Após cinco momentos em que os manifestantes insistiram em perturbar a audiência, a presidente do painel, Dianne Feinstein, ordenou que a polícia os retirasse da salão e impedisse o retorno dos ativistas do grupo pacifista "Code Pink".
Brennan é amplamente visto como o arquiteto da campanha para o uso em grande escala dos drones na guerra contra a Al-Qaeda, tema que Obama e seus assessores se recusam a discutir abertamente.
Feinstein mal havia iniciado a audiência quando o primeiro manifestante se levantou e começou a gritar. Um outro ativista exibia uma faixa com os dizeres "Brennan = massacres com drones".
Minutos depois, uma mulher carregando um boneco de um bebê se levantou para condenar os ataques de aviões não tripulados que teriam matado crianças.
"Senadora Feinstein, seus filhos são mais importantes que os filhos de paquistaneses?", gritava a mulher.
Brennan se manteve calmo, retomando seu depoimento quando solicitado pela senadora. Mas Feinstein ordenou que a polícia retirasse os manifestantes do salão e permitisse a permanência apenas de repórteres e funcionários da casa.
"Nós recebemos todos aqui. Esperamos que as pessoas não batam palmas ou assobiem e não façam manifestações. Esta é uma sessão muito séria", afirmou Feinstein quando o silêncio foi retomado.
Enquanto a polícia do Capitólio americano retirava os manifestantes e outros convidados da sala de audiência, uma mulher esbravejou: "Esta é uma guerra criminosa. Ele não deveria ser confirmado!", gritou ao referir-se a Brennan, indicado por Obama.
Uma das fundadoras do grupo Code Pink, Medea Benjamin, exibia um cartaz que dizia: "Recusem John Brennan, o chefe terrorista de Obama".
Os casos de "ataques cirúrgicos" contra militantes suspeitos da Al-Qaeda no Paquistão, no Iêmen, na Somália e em outros países foram condenados por grupos de defesa dos direitos humanos por empreenderem uma guerra clandestina e ilegal.

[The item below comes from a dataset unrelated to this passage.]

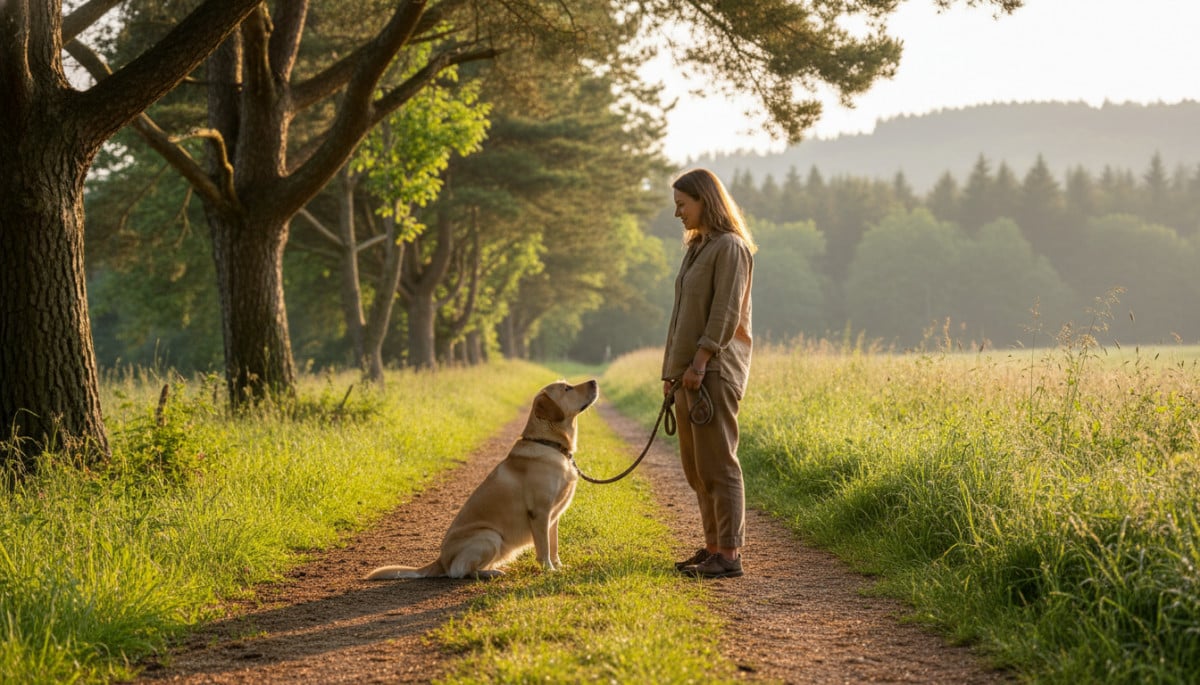 Femme promenant son chien avec contact visuel calme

Porém, muitos legisladores apoiam a campanha como uma medida efetiva para neutralizar extremistas da Al-Qaeda sem o envio de tropas em grandes e arriscadas operações militares.
As manifestações durante sessões no Congresso americano são relativamente comuns. Em geral, as sessões são abertas ao público, mas os agentes de segurança são orientados a retirar manifestantes que realizem protestos.
Após cinco minutos de interrupção, a sessão no Senado foi retomada.